Jewish congregational life began early in Winnipeg's history. In 1883, after the first influx of Jews from Russia, an attempt was made to establish a single congregation in Winnipeg, but disagreements between the earlier Jewish residents and recently arrived and more Orthodox immigrants prevented agreement. In 1887 a Manitoba Free Press church survey found "three congregations of the Hebrew faith" but no synagogue building and suggested that if united, "the Hebrews would form a congregation of respectable numbers, and … soon possess a building creditable to themselves and to the city." In 1889 unity was achieved and Shaarey Zedek, the first synagogue, was founded, but a group favoring a "sefardishe minhag" soon started the Rosh Pina synagogue.

In the 1960s Winnipeg had 12 synagogues plus the Chesed Shel Emes funeral home. The two largest congregations, Shaarey Zedek in the city's south end and Rosh Pina in the north end, were Conservative; the others were Orthodox and all but one in the north end, where most Jews then lived. In 1965 the Reform Temple Shalom was opened in the south end, and in 1976 a new conservative synagogue, Beth Israel, opened in the north. By the end of the century the majority of Winnipeg Jews had moved from the north end to the south end. Declining membership forced a merger of the three largest north end congregations: Rosh Pina, B'nai Abraham, and Beth Israel, to form Etz Chayim on the premises of Rosh Pina. In 2005 Winnipeg had nine synagogues, six in the north end, including a Lubavitch Center with north and south end branches.

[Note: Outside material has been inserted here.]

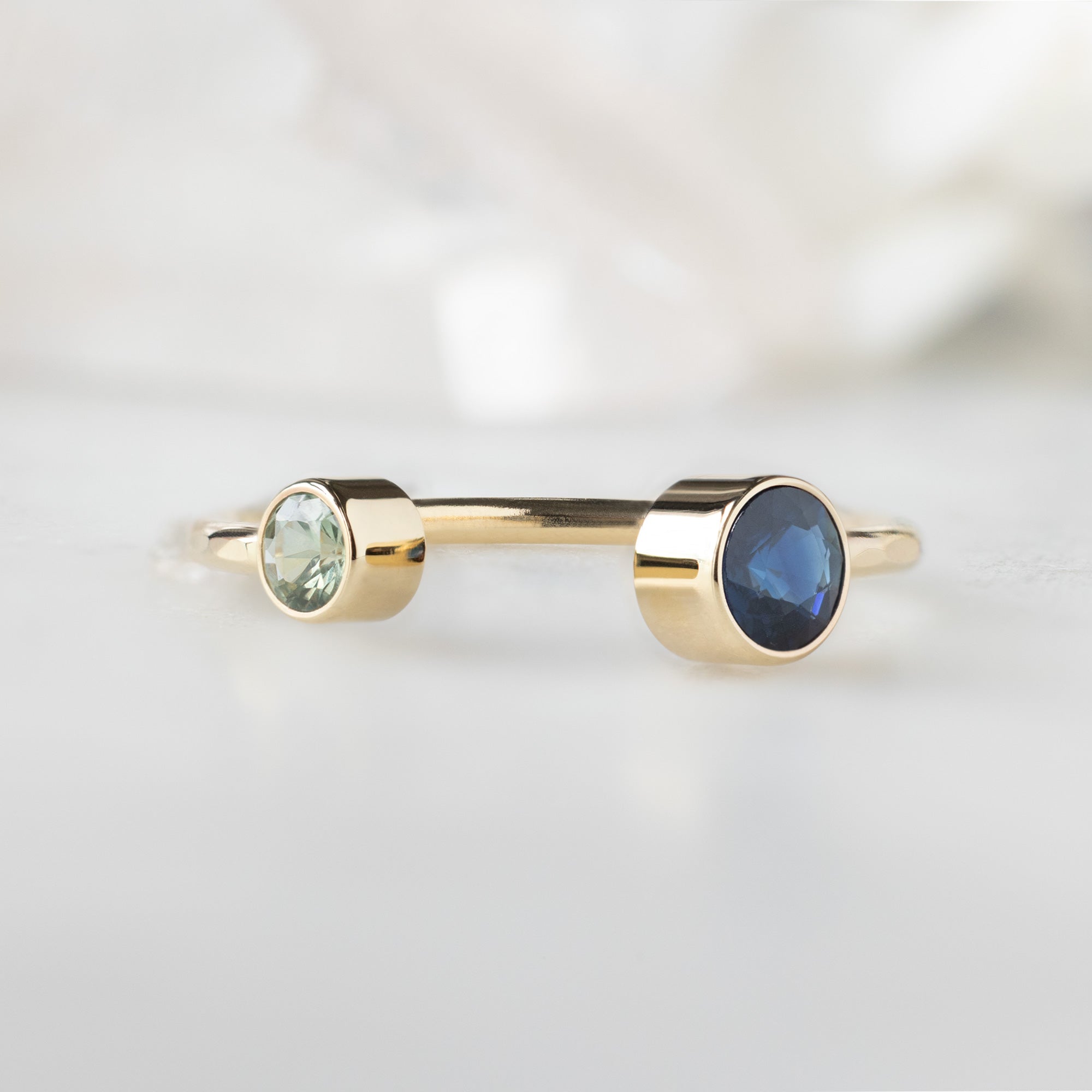 Alexis Russell Rings The Open Cuff Blue + Green Sapphire Ring | Yellow Gold or Sterling Silver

In 1883, Beth El religious school opened, teaching Bible and Jewish history in English to 50 students; a year later Russian newcomers opened a ḥeder, with 12 students instructed in Yiddish. In 1902 a King Edward Talmud Torah, named for the new British monarch, opened next to the synagogue. The B'nai Zion Congregational Hebrew School opened in 1906. Five years later the two schools united with 250 students, and in 1913 a new Talmud Torah building was opened, doubling as a Jewish community center.

Secular Jewish life also flourished in Winnipeg. In 1914 Labor Zionists and Socialists opened the Yiddish Radical School, renamed after I.L. Peretz in 1915. By 1921 the more radical Arbeiter Ring Yiddish school was established, and at one point Winnipeg had five Yiddish secular schools. In 1919 the Peretz School Muter Farein opened the first kindergarten in the city and a year later started a Jewish day school, possibly the first of its kind in North America. By 1963 the I.L. Peretz Folk School was the only remaining Yiddish secular school and in 1983 it merged with the Talmud Torah, which by then had north and south branches, and also operated the Joseph Wolinsky Collegiate. In 1997 the Talmud Torah north and south branches were closed and Jewish education in Winnipeg became consolidated in the Gray Academy at the Asper Jewish Community Campus, opened that year in the south end on the bank of the Assiniboine River. The Herzliah Congregation operates Ohr Hatorah, an Orthodox elementary day school.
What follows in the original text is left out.